The highest mean technical efficiency (0.86) is observed in C5 (Mechanization-Constraint Salient). This indicates that farms in this cluster benefit from relatively stronger structural conditions, particularly regarding operational scale and input organization. Although mechanization is identified as a salient constraint, the comparatively high efficiency level suggests that production processes are otherwise well aligned with available resources. Evidence from India indicates that labor and machinery shortages continue to limit the adoption of mechanization (Awachat & Sharma, 2024), while improved access to mechanization services enhances timeliness and reduces labor dependence, contributing to higher technical efficiency (Zhu et al., 2025). These findings suggest that the salience of mechanization in this cluster arises at higher levels of operational intensity rather than from basic resource scarcity.
In contrast to the higher efficiency observed in C5, Cluster C2 (Wildlife Damage) exhibits a lower mean technical efficiency (0.61). This efficiency gap is closely associated with wildlife-related disruptions, which raise labor costs through field guarding and lead to production losses. At the farm level, field evidence from Himachal Pradesh indicates that wild boar and monkeys are the dominant crop-raiding species, with farmers reporting frequent incursions and substantial reductions in harvested produce and household income (Mehta et al., 2018). In low-hill regions, nearly 46% of the maize area is exposed to wildlife damage, resulting in a 16–24% decline in cereal productivity and increased production costs due to fencing and watch-and-ward requirements (R. K. Thakur et al., 2022). Government conflict-mapping exercises and regional Himalayan evidence similarly identify wild boar and monkeys as major threats to maize cultivation, with economic losses increasing as wildlife encounter rates rise (Adhikari et al., 2024; Zoological Survey of India, 2020). Wildlife damage represents a largely exogenous pressure. These recurring production losses help explain why farmers in this cluster struggle to consistently operate near their potential.
C1 (Climate Variability) shows low TE (0.60), a pattern also observed in the Western Himalayan region. KC et al. (2022) document that climate change has increased the irregularity of rainfall, snowfall, and precipitation timing across Himalayan farming systems, disrupting field operations and nutrient uptake in major crops. Recent evidence from the Western Himalaya shows that higher Kharif-season temperatures significantly reduce maize yield (Choudhary & Gupta, 2023). District-level analyses from Himachal Pradesh further demonstrate that increased variability in monsoon rainfall and rising maximum temperatures significantly reduce maize productivity, particularly in Kangra, one of the key maize-producing hill districts (Singh et al., 2024). Such timing disruptions make it more difficult for farmers to achieve potential efficiency, even when input management is adequate.

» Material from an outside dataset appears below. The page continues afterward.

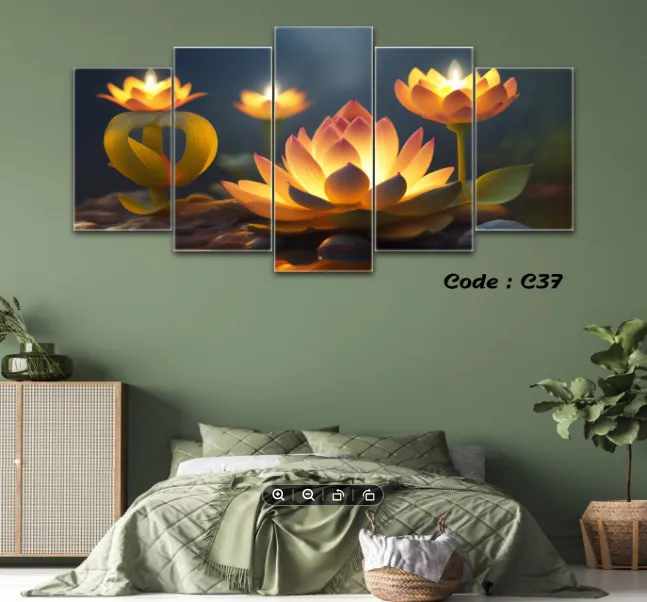5Pcs In 1 Set Wall Canvas Art Printing Matte HD Sticker with Glossy ...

C3 (Seed Access) shows relatively low technical efficiency (0.60) compared to C5, which appears to be linked to difficulties in securing good-quality seed at the appropriate time. Delayed access to preferred seed varieties affects crop establishment and yield realization, with implications for production performance (Gairhe et al., 2021). Related studies emphasize the importance of timely access to quality seed for improved productivity outcomes (Atreya et al., 2025; Nandi, 2024). These findings suggest that unreliable or delayed access to improved seed may limit farmers’ ability to reach potential output levels
The lowest technical efficiency is observed in C4 (Land Fragmentation), with a mean TE of 0.52, followed by C6 (Pest and Disease Pressure) at 0.54. For C6, biological risks such as pest outbreaks and fall armyworm infestation have been shown to generate significant yield losses in maize systems (Ma et al., 2024; Srinivasan et al., 2022), which is consistent with the comparatively lower efficiency observed in this cluster.
In the case of C4, lower efficiency appears linked to structural land fragmentation. Managing multiple small and scattered plots increases supervision requirements and limits the effective use of machinery. Empirical evidence from India consistently shows that land fragmentation raises cultivation costs and reduces farm efficiency (Deininger et al., 2017; Manjunatha et al., 2013), with similar constraints reported in the Western Himalayas (Shukla et al., 2018). These clusters, therefore, operate further from the production frontier relative to other groups, reflecting constraints related to biological risk in C6 and structural scale limitations in C4. While efficiency captures how effectively inputs are converted into output, realized production outcomes remain influenced by additional structural and environmental factors.
The regression results further support these findings. C5 households also record higher output levels, while C6 and C4 exhibit comparatively lower output levels, consistent with the role of constraint environments in shaping outcomes. The results suggest two broad types of production contexts. One is shaped primarily by biophysical and external risks, such as climate variability, wildlife damage, and pest pressure, where short-run adjustment is limited, and efficiency gaps are more evident. The other is characterized by constraints linked to farm structure and management, including seed access, mechanization, and land fragmentation, where performance outcomes appear more responsive to farm-level decisions and institutional support. This distinction helps clarify why efficiency and output differences vary across constraint environments.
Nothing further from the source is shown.